Avant tout, observez ces yeux.
Effectivement, ils sont bleus, ils semblent vides, mais sont aussi intelligents et créateurs que la voix de Michel Foucault. Je pose le sujet : ce sont ceux de Samuel Beckett.
Cet homme sait tout, je vous préviens, il a tout compris, tout montré, si ses yeux sont si transparents, c'est sans doute qu'ils absorbent le monde et la condition humaine sans fioritures. On ne rigole pas avec Beckett.. ou peut être que si, parfois, entre deux répliques de Hamm, Willie ou Pozzo.

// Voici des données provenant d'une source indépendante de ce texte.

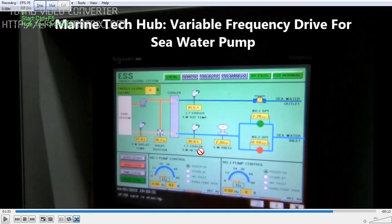This is a very important system on board the ship. If you have any doubt regarding this, you can always message me. Thank you.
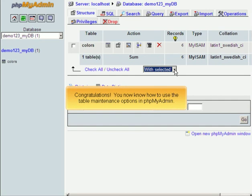Congratulations. You now know how to use the table maintenance options in phpMyAdmin.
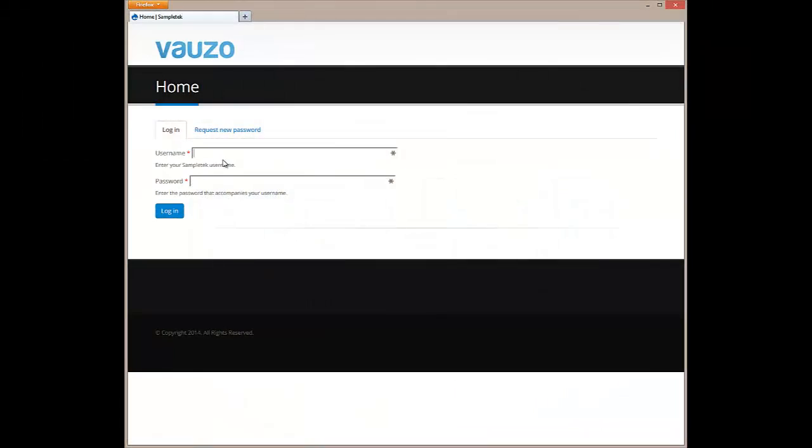Hi and welcome to a product overview of Vauzo's intranet solution. To get started, let's log in as Eric Blue, a typical intranet user.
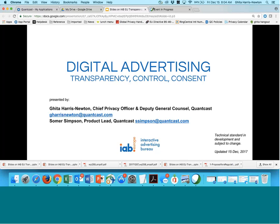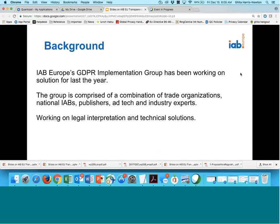The IAB Europe has a GDPR implementation working group that has been working on consent and a consent solution for the last year. The group is comprised of trade organizations, national IABs, publishers, ad tech, and others. The group has been working on a legal interpretation — there was a webinar last week still available on the IAB Europe website — but we quickly realized that it was not just legal and policy interpretations we needed; we actually needed a technical solution.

A poor lonesome cowboy, un homme sans influences, si ce n'est un semblant de Purgatoire à la Dante dans ses lignes. Après avoir vaguement montré sa science dans quelques essais ; Dante, Proust, dramaturgie italienne...sur les conseils de l'autre ami irlandais, j'ai nommé James Joyce, qu'un jour nous parviendrons peut-être à lire, il rompt avec l'érudition qu'il avait déjà largement démontrée, et commence la construction d'une oeuvre charnière pour la littérature du 20ème siècle.
Samuel Beckett créée un genre nouveau, non pas le théâtre de l'absurde à la Ionesco comme on pourrait le penser, mais du théâtre de l'absurde irlandais. Un théâtre et des romans, je m'en voudrais de ne pas les mentionner (minute "ma vie" : je lis actuellement l'un des trois tomes de sa trilogie sur la condition humaine : Molloy) marqués par un profond pessimisme. Ce pessimisme qui trouve son essence dans l'attente et l'absence (l'attente de l'absence ?)
Plus d'humains, seulement des monstres. Pas des Éléphant Man, ni des Jack l'éventreur, non, pas des monstres en ce sens, mais plutôt des Hommes. Donc des monstres. Voilà la corrélation. L'Homme hait le monstre et l'Homme est le monstre. Flagrant dans Fin de partie, plus discret dans En attendant Godot, cet aspect de la littérature n'est pas nouveau, mais matérialisé et exacerbé chez notre homme.
On l'a accusé de tous les torts, de sous-écrire, de sur-écrire, mais le plus souvent, Beckett sait poser ses mots. Que voulez vous. Monsieur est normalien, Monsieur est ami avec James Joyce, et avant tout, Monsieur est d'une intelligence rare! Incommunicabilité, frivolité du quotidien, matérialisme, irrévocabilité de la mort, impossibilité ou inutilité du carpe diem.
Peut-être que j'ai faux sur toute la ligne, mais Beckett me dérange et m'émeut, le plaisir qu'il prend à jouer avec la langue française me touche.
Si une chose peut lui être reprochée (et je suis draconienne), c'est peut être la grande homogénéité de son oeuvre, sa constance. Mais bon. Ça reste Beckett, et Beckett, ses rides, ses yeux, ses livres, je les aime.
P.S. : oui, je sais, ça fait deux photos ridées de suite, mais que voulez vous, je suis sentimentale et la vieillesse m'émeut. Louise et Samuel sont magnifiques dans leur vieillesse et dans leurs rides.